Mit Haus und Flecken

Ein Artikel von Alexandra Pickner | 28.07.2026 - 10:17
shutterstock_2476414387.jpg

Die Gefleckte Weinbergschnecke trägt ein dunkelbraun gemustertes Gehäuse und ist etwas kleiner als ihre heimische Verwandte. © Manfred Ruckszio/Shutterstock.com

shutterstock_2337512501.jpg

Die Gefleckte Weinbergschnecke bleibt mit einem Gehäusedurchmesser von durchschnittlich 3 cm deutlich kleiner als die heimische Weinbergschnecke. © Thijs de Graaf/Shutterstock.com

Die Gefleckte Weinbergschnecke (Cornu aspersum) ist der heimischen Weinbergschnecke auf den ersten Blick ähnlich, bleibt jedoch deutlich kleiner. Ihr dunkelbraun gemustertes Gehäuse, manchmal mit Längsbändern oder hellen Sprenkeln, macht sie unverwechselbar. Ihre Haus hat einen Durchmesser von 25 bis 40 mm, selten bis 45 mm, während das Gehäuse der Weinbergschnecke (Helix pomatia) bis zu 5 cm groß wird.
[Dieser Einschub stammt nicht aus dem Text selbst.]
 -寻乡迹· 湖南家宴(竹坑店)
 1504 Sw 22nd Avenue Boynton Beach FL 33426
Ursprünglich stammt die Gefleckte Weinbergschnecke aus dem Mittelmeerraum. Durch den internationalen Pflanzenhandel gelangte sie in viele Regionen der Welt und ist auch in Österreich immer häufiger zu finden. Besonders im wintermilden Osten findet sie zunehmend geeignete Bedingungen.
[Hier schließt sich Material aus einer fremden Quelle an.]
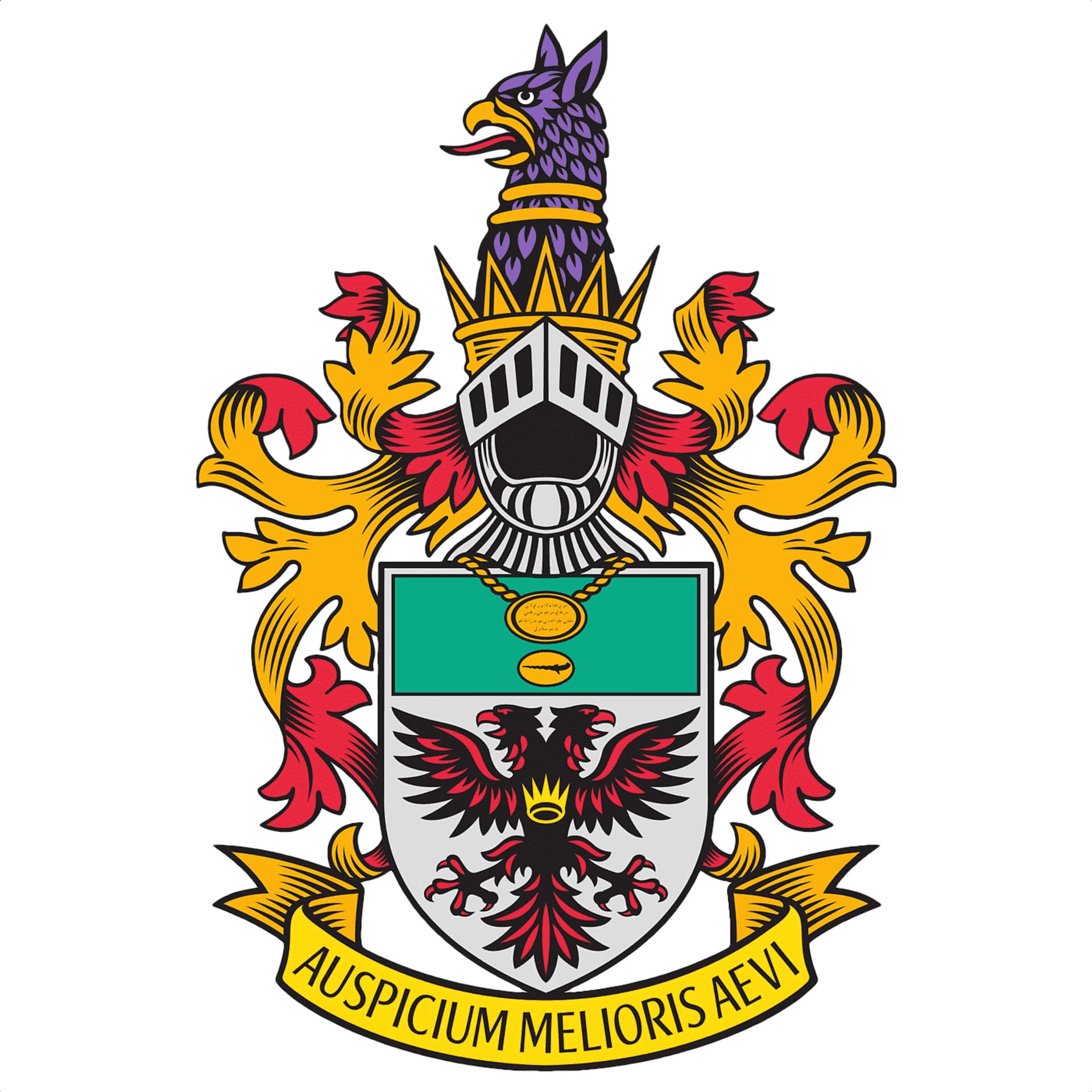 Raffles Institution Year 5–6 IP: 2025 Subject Grid & DSA-JC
Da starke Frostperioden seltener werden, kann sich die Schnecke immer häufiger erfolgreich vermehren und dauerhaft ansiedeln. Anders als die heimische Weinbergschnecke bildet sie im Winter keinen schützenden Kalkdeckel, sondern verschließt ihr Gehäuse lediglich mit einer dünnen Schleimhaut. Diese schützt zwar vor Austrocknung, nicht jedoch vor strengem Frost. Bleiben tiefe Minusgrade aus oder finden die Schnecken ausreichend geschützte Rückzugsmöglichkeiten, sorgen die erfolgreich überwinterten Schnecken für reichlich Nachwuchs.
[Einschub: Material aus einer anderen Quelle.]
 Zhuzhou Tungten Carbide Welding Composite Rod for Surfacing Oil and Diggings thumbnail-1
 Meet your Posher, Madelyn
Zwischen Gartengast und Feinschmecker-Küche

shutterstock_421801075.jpg

Die heimische Weinbergschnecke ist an ihrem großen, kugeligen Gehäuse zu erkennen, das einen Durchmesser von rund 5 cm erreichen kann. © Svetlana Klaise/Shutterstock.com

Die Gefleckte Weinbergschnecke ist äußerst anpassungsfähig. Sie besiedelt Wälder ebenso wie Parks, Gärten und Siedlungen und ist hauptsächlich in der Dämmerung sowie nachts aktiv. Tagsüber zeigt sie sich meist nur nach Regen und versteckt sich sonst unter Pflanzen oder zwischen Steinen und Mauern.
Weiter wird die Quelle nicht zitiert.